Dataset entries

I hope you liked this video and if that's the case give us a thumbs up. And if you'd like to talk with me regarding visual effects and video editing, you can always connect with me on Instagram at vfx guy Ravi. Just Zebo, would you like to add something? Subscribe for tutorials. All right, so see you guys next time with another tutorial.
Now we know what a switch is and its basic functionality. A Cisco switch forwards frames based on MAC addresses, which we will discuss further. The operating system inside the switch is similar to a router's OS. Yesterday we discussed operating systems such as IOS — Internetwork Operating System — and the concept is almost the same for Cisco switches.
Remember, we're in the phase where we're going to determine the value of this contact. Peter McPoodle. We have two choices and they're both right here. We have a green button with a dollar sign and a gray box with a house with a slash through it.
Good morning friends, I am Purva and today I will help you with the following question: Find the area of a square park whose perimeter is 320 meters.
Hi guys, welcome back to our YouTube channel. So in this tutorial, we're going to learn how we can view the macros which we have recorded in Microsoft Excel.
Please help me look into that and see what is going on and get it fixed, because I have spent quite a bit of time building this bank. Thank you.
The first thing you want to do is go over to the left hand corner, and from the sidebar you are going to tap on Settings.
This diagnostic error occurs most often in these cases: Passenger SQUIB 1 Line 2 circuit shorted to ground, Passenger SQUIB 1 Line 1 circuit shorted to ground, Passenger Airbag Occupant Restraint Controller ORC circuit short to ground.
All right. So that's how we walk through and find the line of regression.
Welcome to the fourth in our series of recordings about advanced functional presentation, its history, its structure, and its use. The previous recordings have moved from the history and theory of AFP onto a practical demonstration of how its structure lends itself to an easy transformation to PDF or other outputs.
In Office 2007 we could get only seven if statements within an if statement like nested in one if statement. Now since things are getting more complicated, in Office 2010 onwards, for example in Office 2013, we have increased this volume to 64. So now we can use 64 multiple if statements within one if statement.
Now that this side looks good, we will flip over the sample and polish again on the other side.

_TASK TO CARRY OUT_: Reproduce the lines from the one containing "In Office 2007" to the end of the entries, keeping both ends and adding nothing.

_WRITTEN SOLUTION_:
In Office 2007 we could get only seven if statements within an if statement like nested in one if statement. Now since things are getting more complicated, in Office 2010 onwards, for example in Office 2013, we have increased this volume to 64. So now we can use 64 multiple if statements within one if statement.
Now that this side looks good, we will flip over the sample and polish again on the other side.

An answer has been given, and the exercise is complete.